[HN Gopher] How we tracked down a Go 1.24 memory regression
___________________________________________________________________
How we tracked down a Go 1.24 memory regression
Author : gandem
Score : 99 points
Date : 2025-07-17 20:02 UTC (2 days ago)
(HTM) web link (www.datadoghq.com)
(TXT) w3m dump (www.datadoghq.com)
| nitinreddy88 wrote:
| I am more interested to learn about Swiss tables than bug fix :)
|
| What are the best places to learn modern implementations of
| traditional data structures. Many of these utilise SIMD for last
| mile usage of modern hardware
| skavi wrote:
| could read one of the implementations. there's the original
| abseil implementation and rust's in the hashbrown crate.
| probably many more.
| gandem wrote:
| OP here, I wrote another blog post that explains how Swiss
| Tables work, see https://news.ycombinator.com/item?id=44597562
| woadwarrior01 wrote:
| I'd recommend reading the Swiss table design notes[1] in the
| Abseil documentation. You might also like F14 maps[2] from
| Folly.
|
| [1]: https://abseil.io/about/design/swisstables
|
| [2]: https://engineering.fb.com/2019/04/25/developer-tools/f14/
| SkiFire13 wrote:
| In addition to this comment's siblings resources, I also
| suggest this really good Cppcon presentation on Swisstable
| https://www.youtube.com/watch?v=ncHmEUmJZf4
| neuroelectron wrote:
| Great write up. It almost made me miss my old DevOps job.
| dh2022 wrote:
| I am somewhat surprised to see the bucket memory layout which is:
| [k1/v1],[k2,v2],[k3/v3] etc. where k1,k2,k3 are keys and v1,v2,v3
| are values.
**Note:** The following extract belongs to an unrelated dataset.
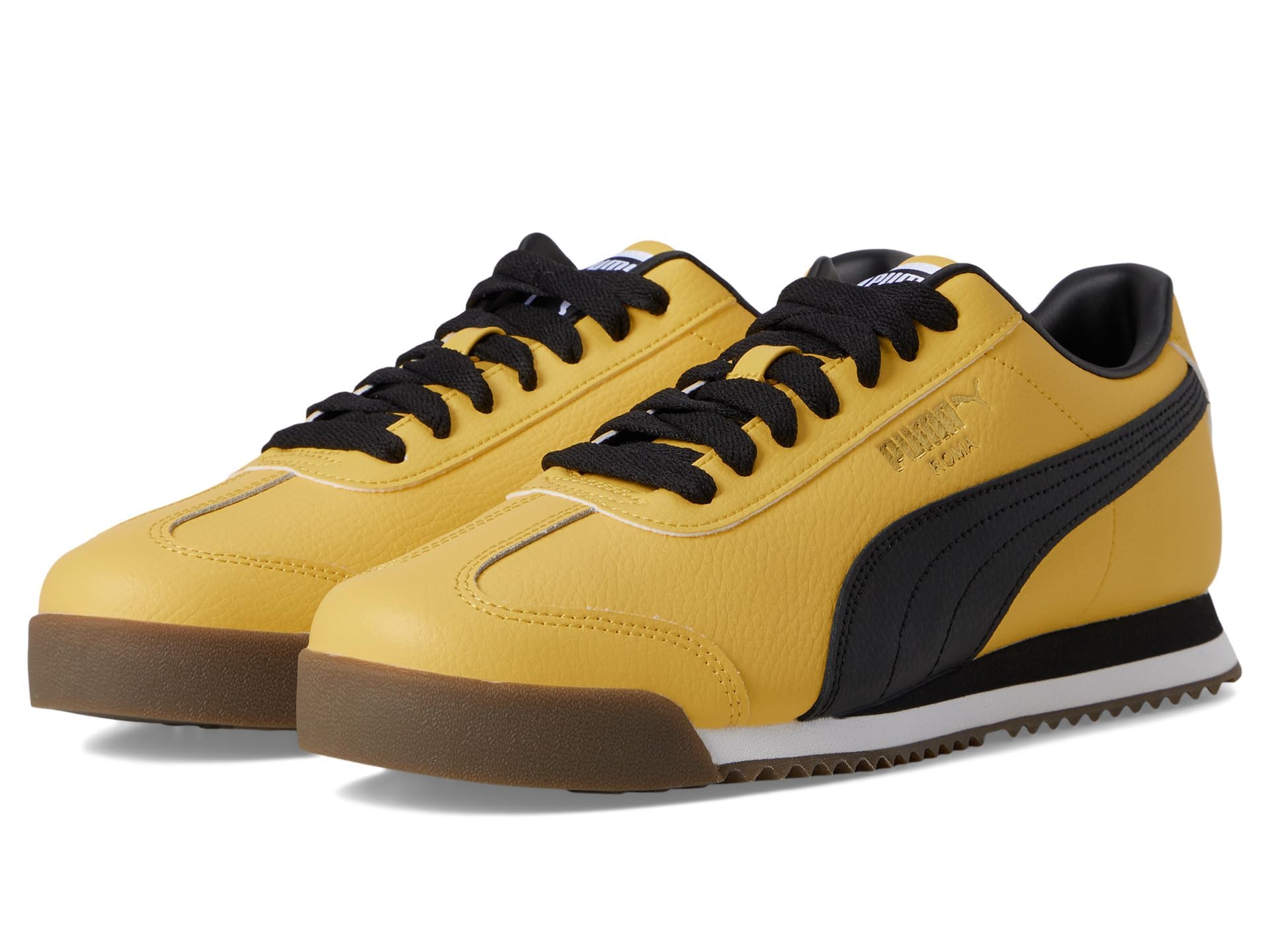 Puma Uomo Roma 24 Standard, Giallo soleggiato/PUMA Black, 7.5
The CPU cache will not contain more than one [k,v]
| pair - because the CPU cache line is about 64 bytes and the size
| of [k,v] pair was about 56 bytes.
|
| So iterating through the bucket looking for a key will require
| each iteration to fetch the next [k,v] pair from RAM.
|
| Compare this with the following layout: k1,k2,k3,... followed by
| v1,v2,v3. Looking up the first key in the bucket will end up
| loading at least one more key in the CPU cache-line. And this
| should make iterations faster.
|
| The downside of this approach is if the lookup almost all the
| time results in the first key in the bucket. Then
| [k1,v1],[k2,v2],k3,v3] packing is better-because the value is
| also in the CPU cache line .
|
| I am wondering if people on this forum knowvmore about this
| trade-off. Thanks!!
___________________________________________________________________
(page generated 2025-07-19 23:00 UTC)